John 18:40 — They shouted in reply, “Not this man, but Barabbas!” Now Barabbas was a bandit [λῃστής – lestes].

Now λῃστής (lestes) is the Greek word for “robber”, but the historian who has left us an account of the Jewish War with Rome and the many decades prior to that event, Josephus, uses λῃσταί (the plural of λῃστής) to describe anti-Roman Jewish rebels. Josephus was writing around the same period that many scholars believe the evangelists were composing the our canonical gospels.

The gospel use of “lestai/rebels” to describe Barabbas and the two who were crucified with Jesus is not new.
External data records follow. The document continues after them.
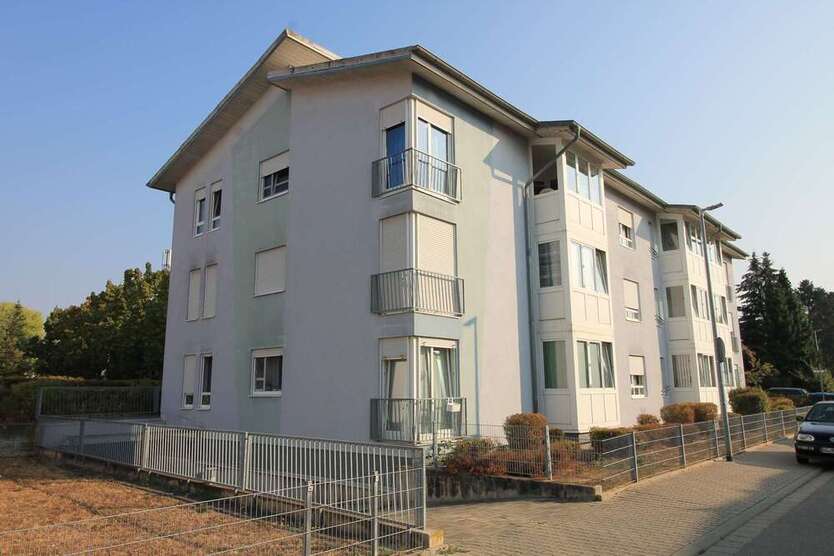 Wohnung zum Mieten in Gernsheim 782,87 € 98.35 m²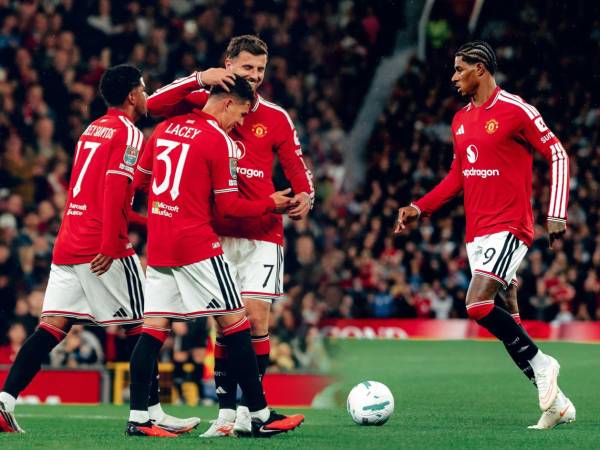 El Manchester United sufrió una terrible remontada en la Carabao Cup.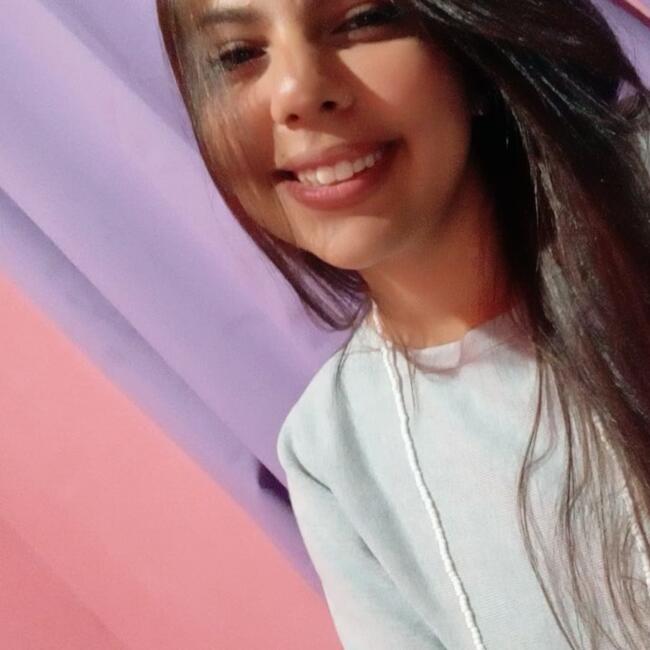 Babysitter in Curitiba: Lorena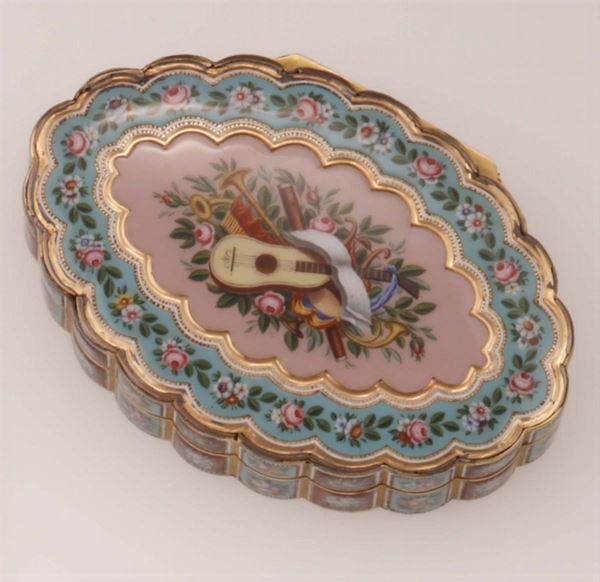 Enamel and gold snuff box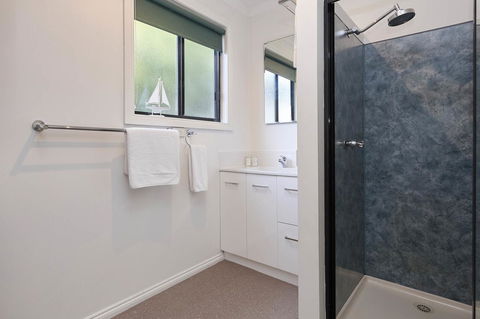 KINGFISHER COTTAGE Beachfront At The Binalong Bay - Accommodation Australia 2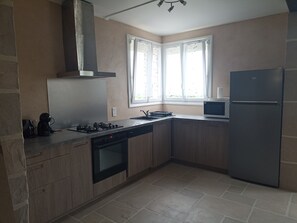 Réfrigérateur, four à micro-ondes, un four, lave-vaisselle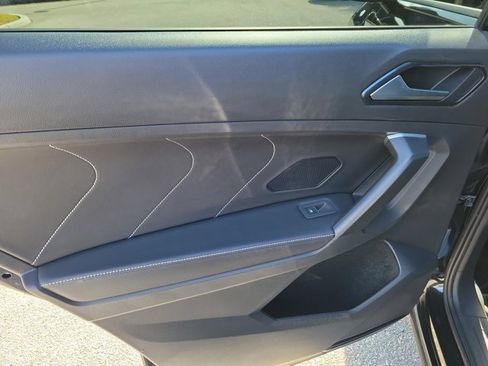 Used 2023 Volkswagen Tiguan SE R-Line image 13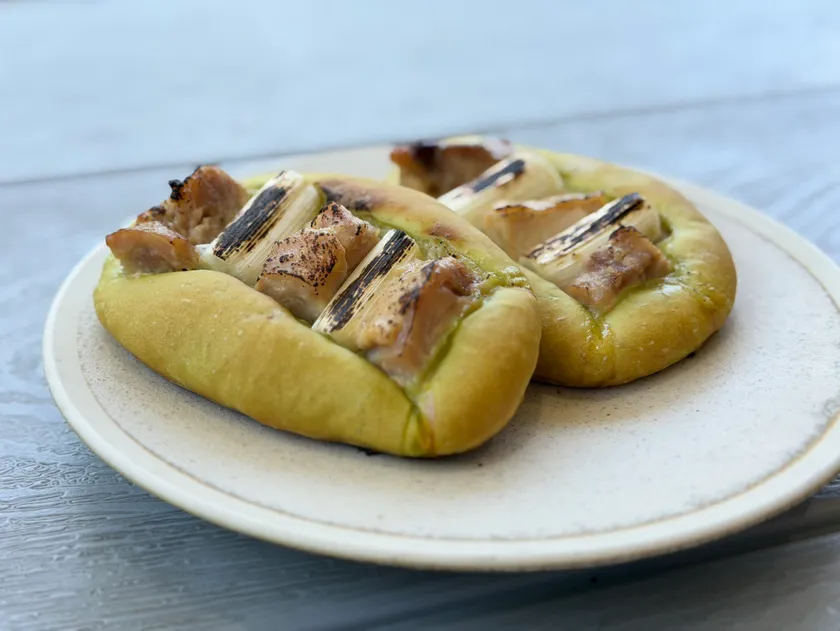 粕漬け鶏のねぎまぱん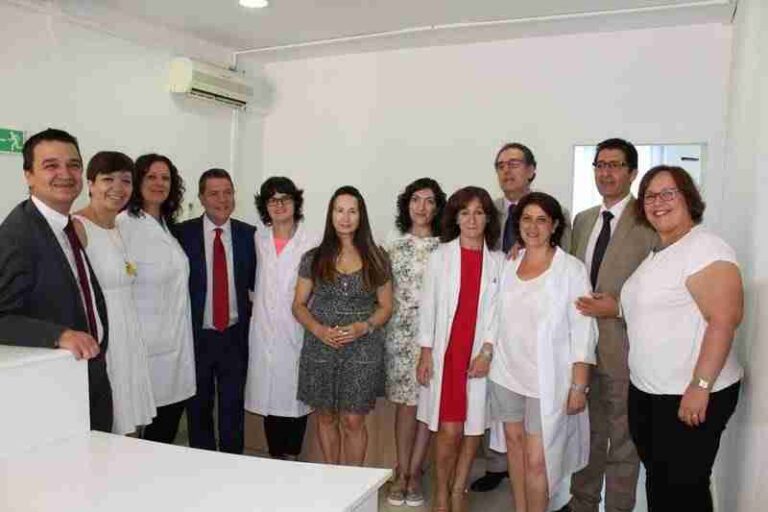 La Estación de Viticultura y Enología en Alcázar de San Juan es inaugurada porGarcía Page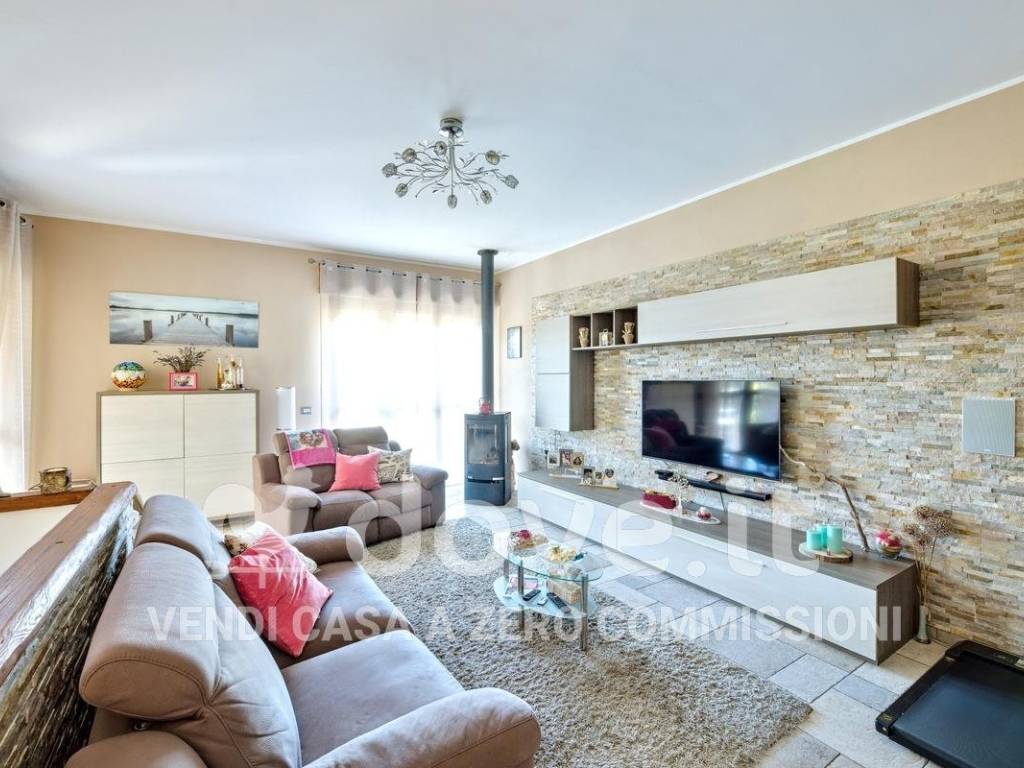 Villa a Cuveglio in Via Giuseppe Verdi, 25 - Foto 3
It is found in the scholarly literature readily enough.

Einhorn takes the next step and examines the times Josephus tells us the lestai were active. I have summed up Einhorn’s observations in the following table.

Accounts of “lestai” activity by Josephus

63-37 BCE 15 times Beginning of Roman occupation
37-4 BCE 22 times
4 BCE – 6 CE 6 times Crushing of Census revolt
6-44 CE No references of lestai activity Time of Jesus
44-48 CE 2 times Return of direct Roman rule after death of Agrippa I
48-59 CE 20 times
59-66 CE 21 times Lead up to the war with Rome, 66-70/73 CE

There is an exception that Einhorn points out:

The only hint about activity during Jesus’s time is a sentence in War, saying that “Eleazar the arch-robber,” active in the 50s, together with his associates “had ravaged the country for twenty years together.” In Antiquities, however, it only says that Eleazar “had many years made his abode in the mountains.” (A Shift In Time, p. 45)

At this point I am reminded of my earlier posts, Did Josephus Fabricate the Origins of the Jewish Rebellion Against Rome? and Josephus Scapegoats Judas the Galilean for the War?. In those posts we saw reasons to think that Josephus in Antiquities was compelled to revise certain aspects of his earlier account (War), presumably under pressure from other Jews in Rome who took umbrage at his earlier portrayals of other parties involved. Recall Josephus himself was a less than admirable self-serving traitor. If so, when thinking about Einhorn’s comparison in the quotation above we have a little more reason to give more weight to the Antiquities reference.

None of this data proves there was no “lestai” activity in the time of Jesus, but compare this datum with other general background information. Continue reading “Another Lena Einhorn Observation — Anachronistic Crucifixions in the Gospels”


2016-05-18

Review: A Shift In Time, Lena Einhorn. A new hypothesis on the origin of the Jesus narrative.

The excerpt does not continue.